LearAvia headquarters in Reno, Nevada is filled with pictures of and sayings by the late William P. Lear, the inventordesigner-promoter who shaped the Lear Fan. A favorite saying, and one that best describes the Lear Fan program is, "Don't take a nibble, take the big bite." That is exactly what the people at Lear Fan have done.
The "big bite" is an attempt to build the first commercially successful twin-engine, singleprop pusher airplane, and if that isn't challenge enough, the airplane will be built entirely from composite materials. Either the pusher design or the nonmetal structure would be enough to label the Lear Fan as revolutionary; together they can only be called radical.
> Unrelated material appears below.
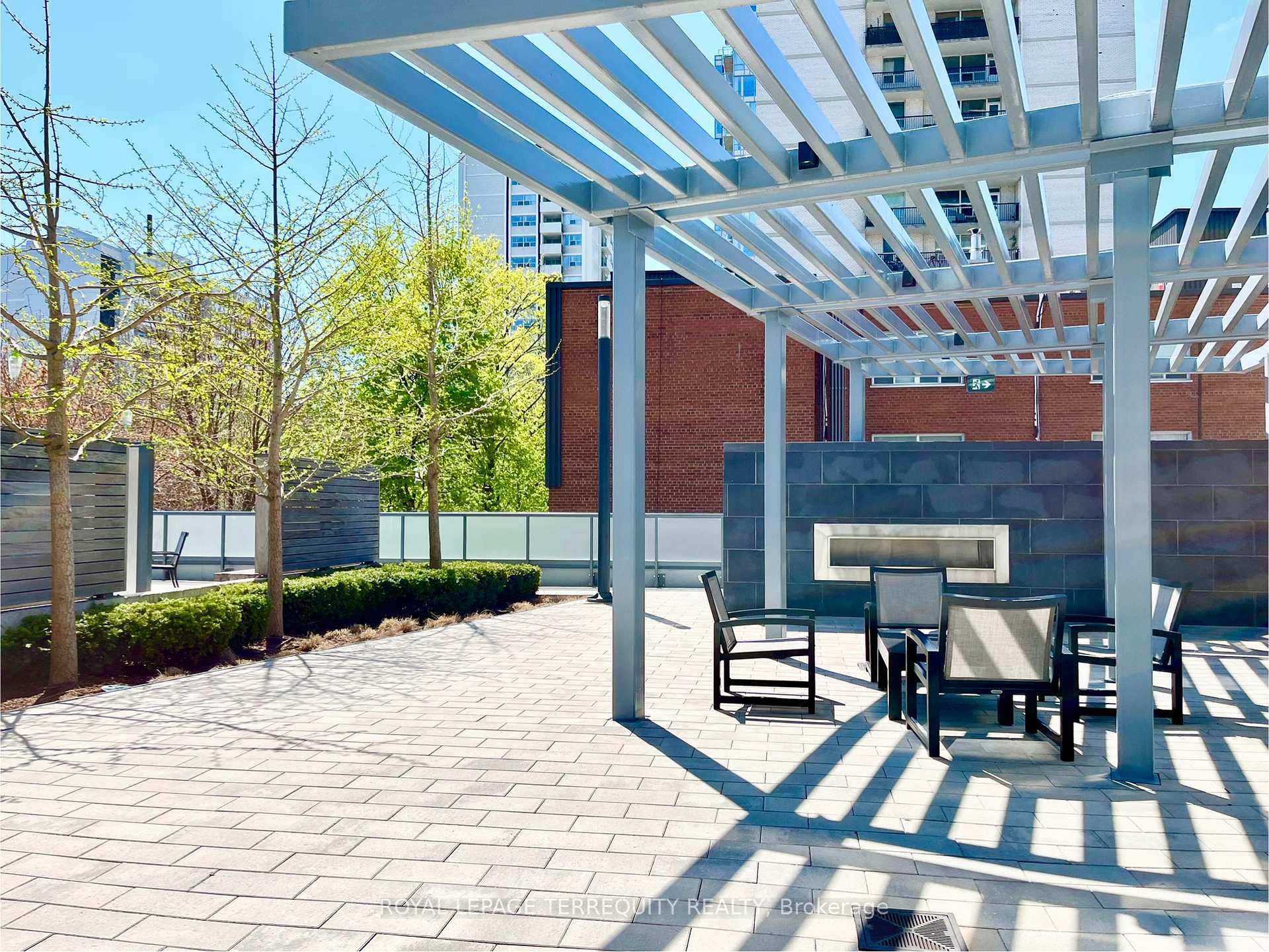 Photo 30 of Unit 405, 125 Redpath Avenue, Toronto, Mount Pleasant West — HOMEH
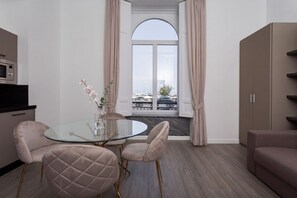 Dining - Blue Horizon 2 By Dimorra  (Naples)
Lear's wife, Moya, has directed the Lear Fan project since her husband's death in 1978. Among his final instructions, it is reported, he told her, "Finish it, Mommy, finish it." Customers have plunked down hard cash to reserve 180 delivery spots and the prototype is flying. The British Government has supplied $50 million in loans and grants to assure production of the Lear Fan in Northern Ireland. All told, $100 million is committed to the project, which puts it in the big leagues. But the Lear Fan, both by design and circumstance, will always be credited to one man.
Bill Lear first advocated a twin-engine, single-propeller pusher airplane in a story in nowdefunct Skyways Magazine in 1954. Lear contended that such a design would, because of reduced weight and drag, perform better and more safely, without the possibility of asymmetric thrust if an engine failed.
Lear kept his pusher design concept on the back burner as he presided over advances in avionics, car radios and the first business jet. During the 1970s, he directed his aviation design talents to a new business jet he called the Learstar 600. By 1977, Canadair had purchased the production rights to the airplane; it enlarged the cabin and began production of the airplane, now called the Challenger.
With the Learstar gone to Canada, Lear decided the time was right for his pusher. Applying his "big bite" theory, he concluded that the airplane could be transformed from revolutionary to spectacular through use of lightweight composite materials that were now being used for parts of various aircraft. The Lear Fan 2100 began to take shape in the inventor's mind and on paper.